Thank you for visiting my walk page! My name is James and I was diagnosed with Type 1 Diabetes on November 28, 2008 just before I turned 5 years old. I would love to meet and talk with you during our stroll through Niabi Zoo. It's great fun! I thank you for your support and generous donations to help me fight this disease! Please tell your friends and family. I'd love to have an even bigger walk team this year!! :)
I've got a lot of things to share with you! 2013 has been an exciting year for me with JDRF. I was fortunate to be picked as one of two delegates to represent the State of Iowa at the 2013 JDRF Children's Congress in July.
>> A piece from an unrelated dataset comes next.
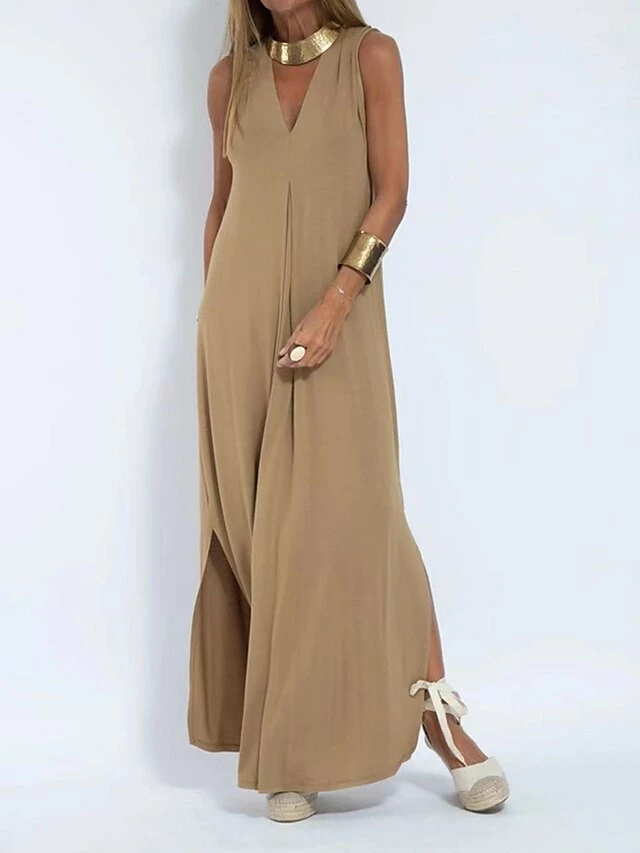 Women's Casual Dress Black Dress White Dress Long Dress Maxi Dress Ruched Split Outdoor Daily Vacation Fashion Modern V Neck Sleeveless 2023 Regular Fit Black White Green Color S M L XL XXL Size 5 Women's Casual Dress Black Dress White Dress Long Dress Maxi Dress Ruched Split Outdoor Daily Vacation Fashion Modern V Neck Sleeveless 2023 Regular Fit Black White Green Color S M L XL XXL Size - Image 3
There I got to meet 160 other kids from around the WORLD that were just like me! I made a lot of great friends like Sarah, the other Iowa delegate; and Grant from Texas, Fallon from New Mexico, Mia from Arizona, Willa from California and so many, many more! There were even delegates from Israel, Australia, Denmark, The Netherlands, Canada, and the UK. It was such a great experience and taught me there are others out there fighting with me to help find a cure! It was cool riding the Senate Subway to get to our meeting with our Senator and feel the power on "The Hill"!
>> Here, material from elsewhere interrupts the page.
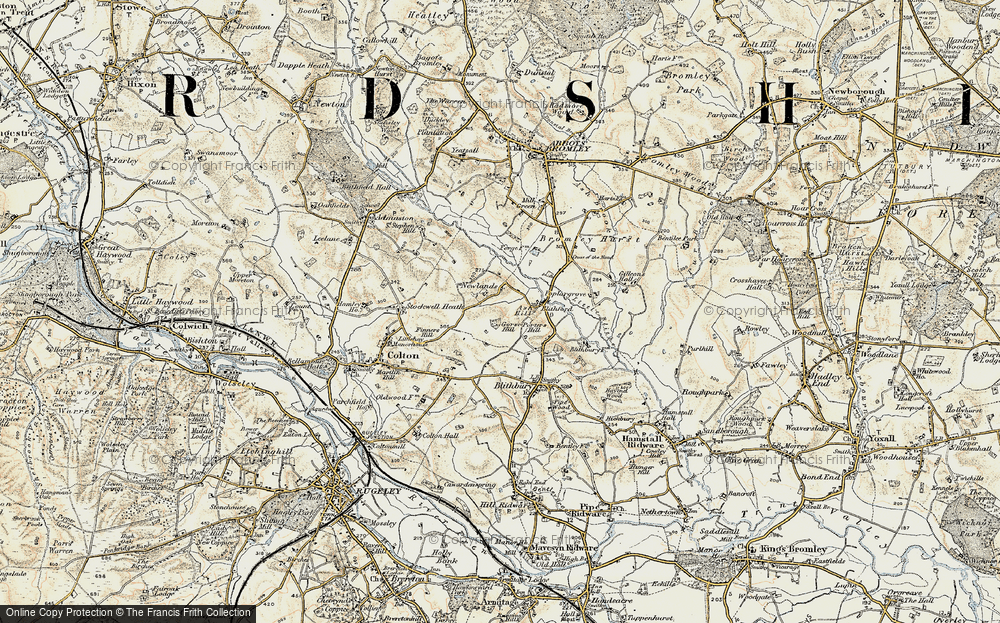 Old Map of Historic Map covering Bromley Hurst in 1902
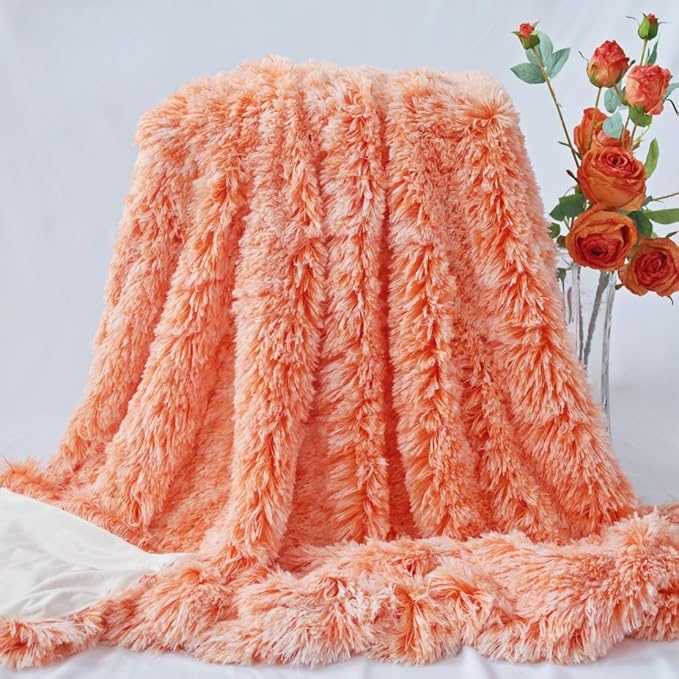 Plush Super Soft Blanket Bedding Sofa Cover Furry Fuzzy Fur Warm Throw Qulit Cozy Couch Blanket for Winter (51"x63",Orange and White)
The other cool thing was that I was able to meet successful grownups that live with Type 1 Diabetes, like: Charlie Kimball, Indycar Driver; Jean Smart, Actress; Mary Mouser, Actress; and Sam Talbot, celebrity chef; Crystal Bowersox, Singer; Gary Hall, Jr., Olympic Medalist; and Nicole Johnson, 1999 Miss America.. just to name a few!
My personal favorite "celebrity" was Dr. Aaron Kowalski who not only lives with Type 1, but has been instrumental in the success of the JDRF's Artificial Pancreas Project!
I hope that you join me at the walk so I can also tell you about my new pancreas! Mid-September 2013 I finally got my own Dexcom CGM (Continuous Glucose Monitor) which is also known as an artificial pancreas for Type 1 Diabetics. It's helping me, in addition to my insulin pump and blood glucose checks, to help alert me to scarry lows and exhausting highs coming my way. It's pretty exciting. I love watching my glucose graph on my receiver so much my mom keeps telling me to put it back in my pocket before I lose it! ha! I can't wait to show it to you! See you at the walk!
James has been fighting T1D ever since a local ER visit which extended to a week at the University of Iowa Children’s Hospital in Iowa City to save his life. James has been fighting hard to raise money for JDRF so that he can someday “be like everybody else” and not have to stop and check his blood sugars up to 10x a day. He hopes to someday not have to wonder how his highs and lows will affect the way he feels and functions throughout his school day. His parents constantly worry about him experiencing a life-threatening high or low outside of their care.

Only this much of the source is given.